3.2.3. Simulation Results

We next perform simulations for which the total number of rounds per generation, M, is fixed. The success of cooperation depends on the rate, p, at which information about the defectors is transferred among cooperators, on the fraction, f, of cooperators in the population, and on the average number of rounds per generation, m, that an individual engages in. We have that m = 2 M / N .
Simulation results for a fixed total number of rounds per generation are shown in Figure 4a,b. In Figure 4a, the total number of rounds per generation, M, is 400. Therefore, the average number of rounds per individual in a generation, m, is equal to 8. In Figure 4b, the total number of rounds per generation, M, is 800. Therefore, the average number of rounds per individual in a generation, m, is equal to 16.
We plot the critical value of b / c needed for cooperators to be more abundant than defectors with nonzero mutation rate, μ, and with weak intensity of selection, β (“+” symbols), for m = 8 and m = 16 . We also plot the critical value of b / c above which cooperators achieve a higher payoff in M total rounds, on average, than do defectors if f = 1 / 2 (green circles) for m = 8 and m = 16 . The two sets of data points agree well, as we would expect. In addition, we show the functions A ( 1 / 2 , 8 ; p ) and A ( 1 / 2 , 16 ; p ) . The agreement between theory and simulation is excellent.
In another measurement, we start with a single defector and allow the dynamics to progress with no mutation ( μ = 0 ) and with weak intensity of selection. We plot the critical value of b / c needed for the fixation probability at the all-defector state to be less than 1 / N (“X” symbols) for m = 8 and m = 16 when starting with a single defector. We also plot the critical value of b / c above which cooperators achieve a higher payoff in M total rounds, on average, than do defectors if f = 2 / 3 (red squares) for m = 8 and m = 16 . The two sets of data points agree well, as we would expect from the one-third law of evolutionary dynamics [2,47,48,49,50,51]. In addition, we show the functions A ( 2 / 3 , 8 ; p ) and A ( 2 / 3 , 16 ; p ) . The agreement between theory and simulation is again excellent.
In yet another measurement, we plot the critical value of b / c above which a solitary defector in a population of cooperators achieves a lower payoff in M total rounds, on average, than does a random cooperator (black triangles). This is the condition for cooperation to be a strict Nash equilibrium. We also show the functions A ( 1 , 8 ; p ) and A ( 1 , 16 ; p ) , again demonstrating outstanding agreement between theory and simulation.
Figure 4. The critical value of b / c for cooperation to be favored over defection in various settings.
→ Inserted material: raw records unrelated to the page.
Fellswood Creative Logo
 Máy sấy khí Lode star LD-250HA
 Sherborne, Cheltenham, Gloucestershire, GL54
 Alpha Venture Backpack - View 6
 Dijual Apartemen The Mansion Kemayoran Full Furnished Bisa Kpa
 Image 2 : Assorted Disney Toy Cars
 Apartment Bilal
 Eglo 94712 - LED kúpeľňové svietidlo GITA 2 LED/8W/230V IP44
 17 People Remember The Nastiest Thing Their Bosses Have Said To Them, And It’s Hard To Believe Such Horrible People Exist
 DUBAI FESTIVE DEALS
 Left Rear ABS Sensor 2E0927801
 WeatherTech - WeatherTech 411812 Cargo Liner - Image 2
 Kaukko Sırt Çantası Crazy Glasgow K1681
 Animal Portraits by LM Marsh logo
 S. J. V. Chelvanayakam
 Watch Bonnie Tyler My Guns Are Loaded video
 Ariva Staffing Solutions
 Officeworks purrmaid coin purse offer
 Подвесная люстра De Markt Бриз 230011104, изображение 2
The green circles represent measured critical values of b / c for the average cooperator payoff to exceed the average defector payoff when f = 1 / 2 . The “+” symbols represent measured critical values of b / c for cooperators to outnumber defectors with weak selection and with weak mutation when their numbers are averaged over many successive generations. The red squares represent measured critical values of b / c for the average cooperator payoff to exceed the average defector payoff when f = 2 / 3 . The “×” symbols represent measured critical values of b / c for defectors to fix with probability less than 1 / N when starting with a single defector with weak selection and with no mutation. The black triangles represent measured critical values of b / c for the average cooperator payoff to exceed the average defector payoff when f = 1 (i.e., a single defector in a large population of cooperators). Panels (a,b) are for a fixed total number of rounds per generation, M, while panels (c,d) are for a variable total number of rounds per generation, M, where the average of M over generations is M ¯ = 1 / ( 1 - W ) . Error bars are roughly the size of the data points.
Figure 4. The critical value of b / c for cooperation to be favored over defection in various settings. The green circles represent measured critical values of b / c for the average cooperator payoff to exceed the average defector payoff when f = 1 / 2 . The “+” symbols represent measured critical values of b / c for cooperators to outnumber defectors with weak selection and with weak mutation when their numbers are averaged over many successive generations. The red squares represent measured critical values of b / c for the average cooperator payoff to exceed the average defector payoff when f = 2 / 3 . The “×” symbols represent measured critical values of b / c for defectors to fix with probability less than 1 / N when starting with a single defector with weak selection and with no mutation. The black triangles represent measured critical values of b / c for the average cooperator payoff to exceed the average defector payoff when f = 1 (i.e., a single defector in a large population of cooperators). Panels (a,b) are for a fixed total number of rounds per generation, M, while panels (c,d) are for a variable total number of rounds per generation, M, where the average of M over generations is M ¯ = 1 / ( 1 - W ) . Error bars are roughly the size of the data points.
Games 06 00438 g004

3.3. Variable Number of Rounds per Generation

The only strict Nash equilibrium strategy and the only evolutionarily stable strategy in the classic prisoner’s dilemma with exactly m repeated interactions is to defect in every round [2,12,52]. In realistic settings, an individual may not know at the outset how many rounds it will participate in with potential interaction partners. It is therefore worthwhile to also consider a variable number of rounds per generation. In a variation of our dynamical model, we postulate that another round is run between two randomly chosen individuals with probability W. The average total number of rounds that are run is M ¯ = 1 / ( 1 - W ) . The average number of rounds that each defector engages in, averaged over generations, is m ¯ .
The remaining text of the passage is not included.